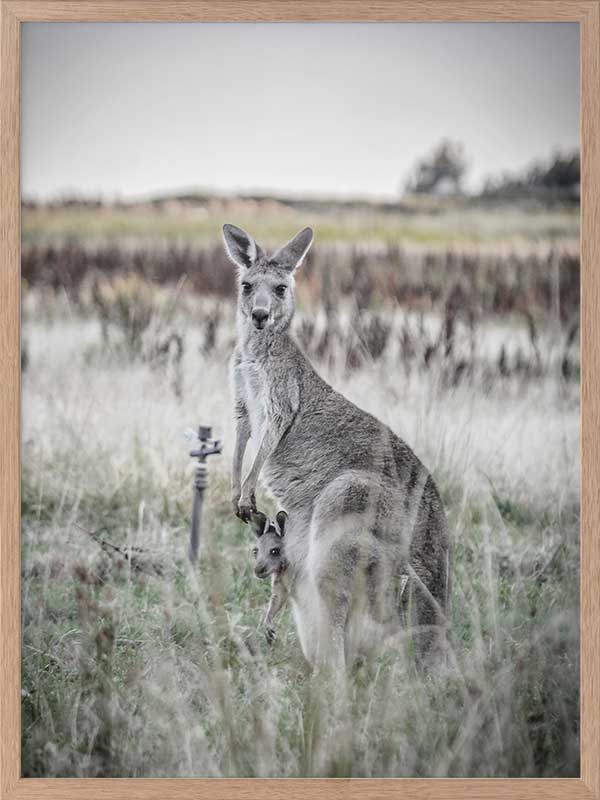 Hitch Hiker Poster Framed Art Print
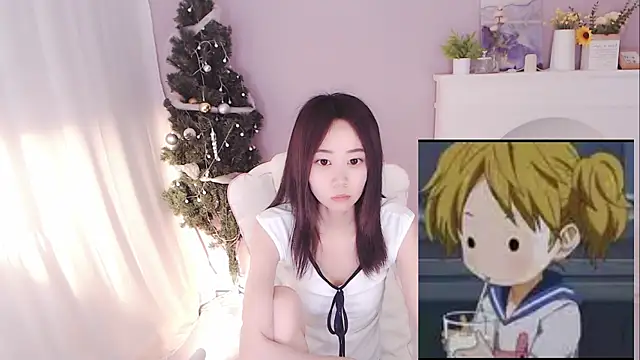 hall-33 webcam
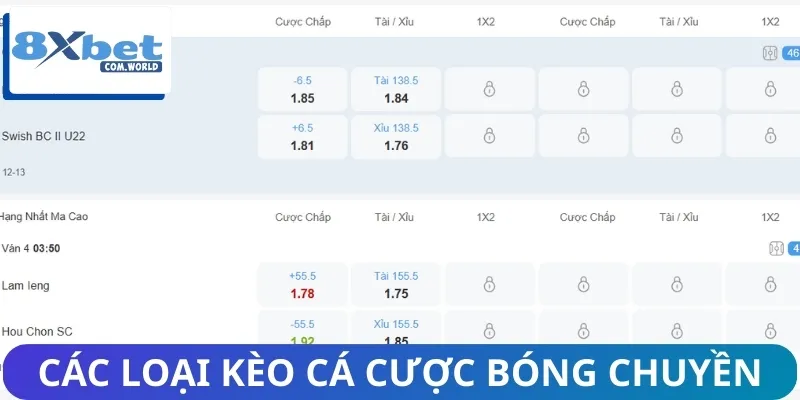 Tổng hợp các kèo cược bóng chuyền phổ biến hiện nay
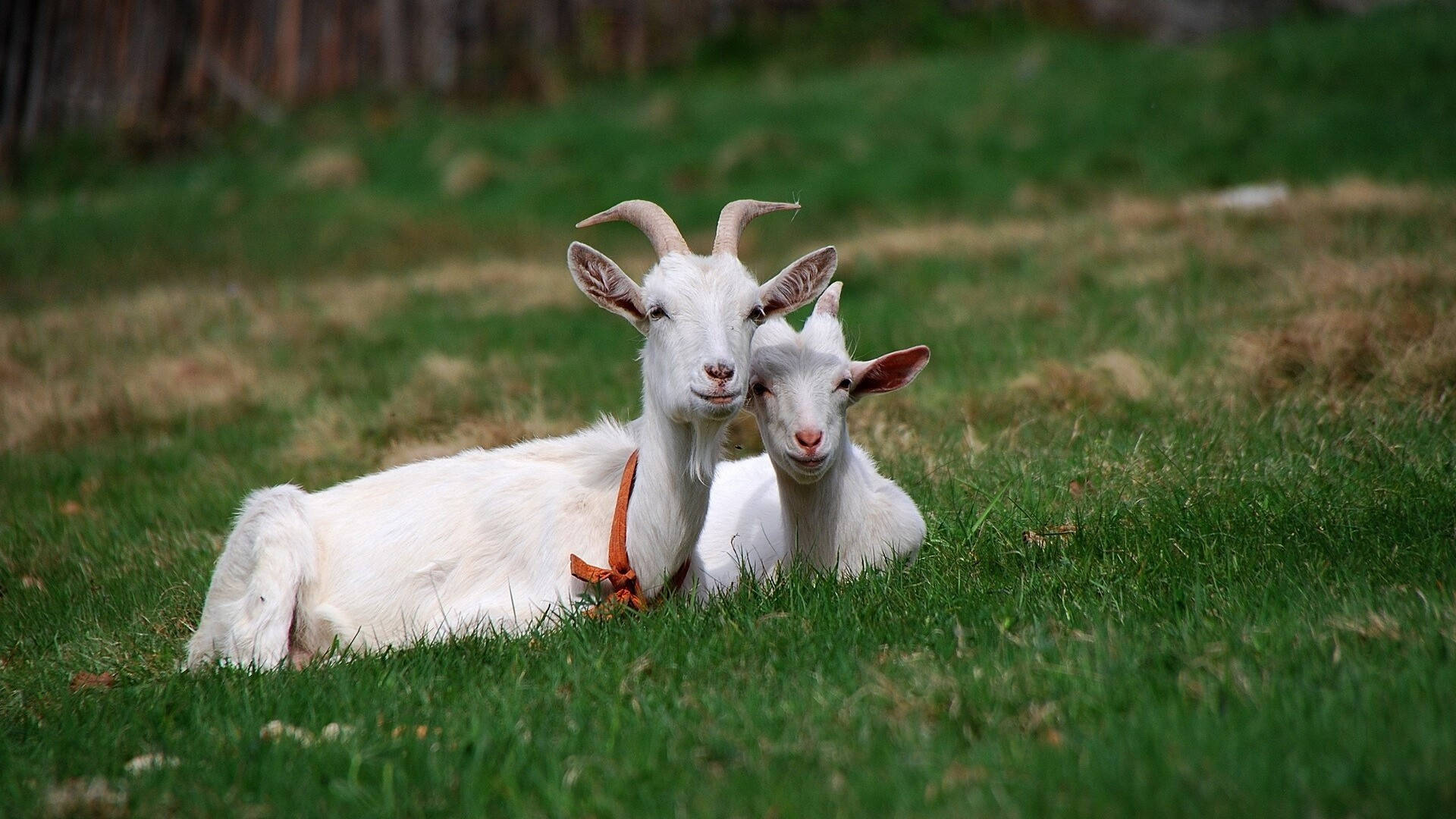 White Goats With Orange Collar Background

- PROBLEM STATEMENT -
From the line containing "hall-33 webcam" down to the final line of the material, restate every line word for word, and only those; drop the pictures.

- EXERCISE RESULT -
 hall-33 webcam
 Tổng hợp các kèo cược bóng chuyền phổ biến hiện nay
 White Goats With Orange Collar Background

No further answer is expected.